Nothing but the lines below from the one that contains "LV429434 Motor Mekanizması" through the one that contains "Propriedade rural para venda em Virgínia/MG" should be retyped, exactly and including both ends. Do not include pictures.

** INFORMATION SHOWN **
┄┄┄┄┄┄┄┄┄┄

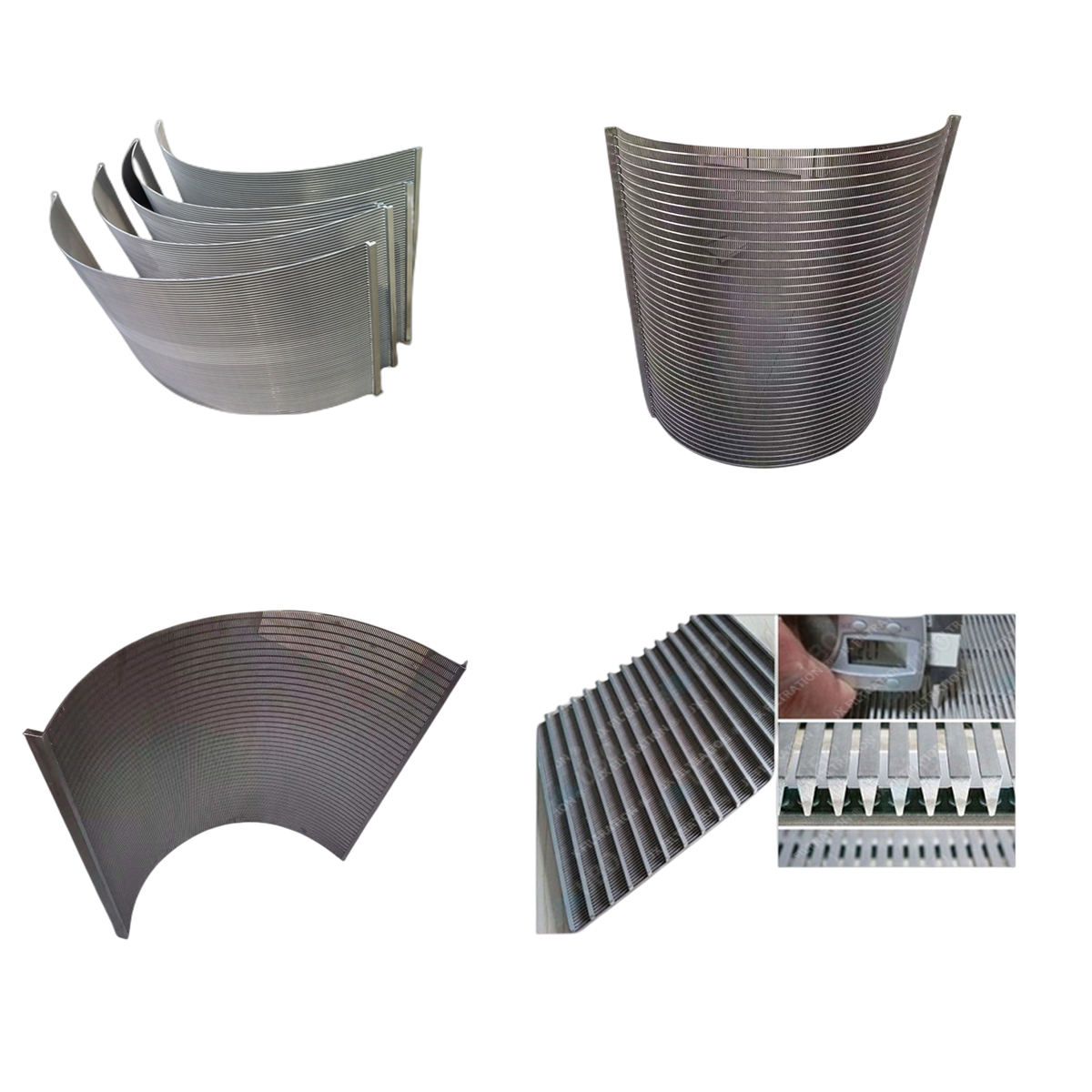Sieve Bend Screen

┄┄┄┄┄┄┄┄┄┄

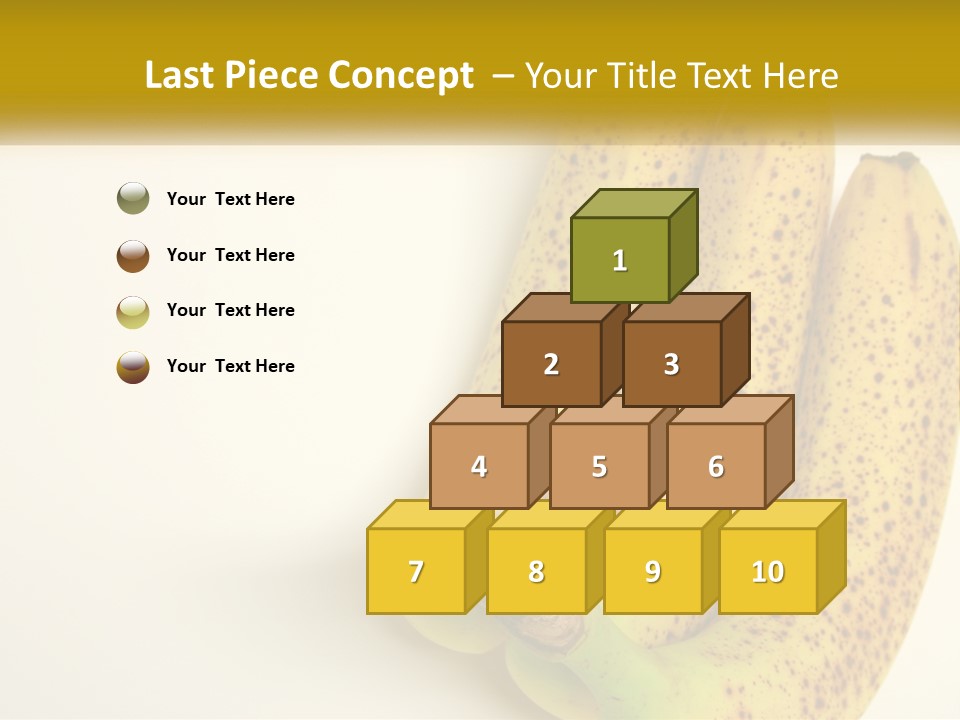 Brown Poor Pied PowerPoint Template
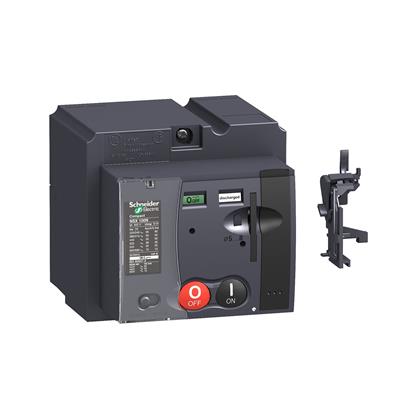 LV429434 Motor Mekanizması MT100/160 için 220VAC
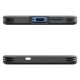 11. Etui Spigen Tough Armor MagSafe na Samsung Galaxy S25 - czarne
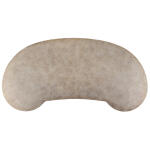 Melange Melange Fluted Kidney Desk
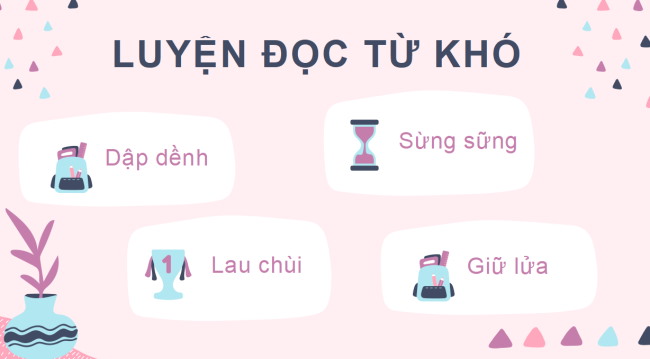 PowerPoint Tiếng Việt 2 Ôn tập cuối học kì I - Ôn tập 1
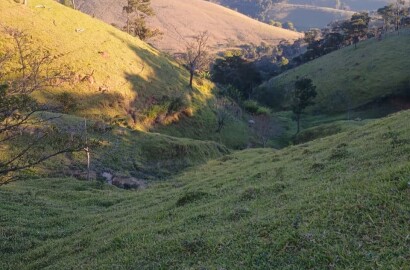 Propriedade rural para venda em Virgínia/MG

┄┄┄┄┄┄┄┄┄┄

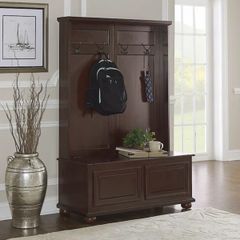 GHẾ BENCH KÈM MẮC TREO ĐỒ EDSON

┄┄┄┄┄┄┄┄┄┄

** RESPONSE **
 LV429434 Motor Mekanizması MT100/160 için 220VAC
 11. Etui Spigen Tough Armor MagSafe na Samsung Galaxy S25 - czarne
 Melange Melange Fluted Kidney Desk
 PowerPoint Tiếng Việt 2 Ôn tập cuối học kì I - Ôn tập 1
 Propriedade rural para venda em Virgínia/MG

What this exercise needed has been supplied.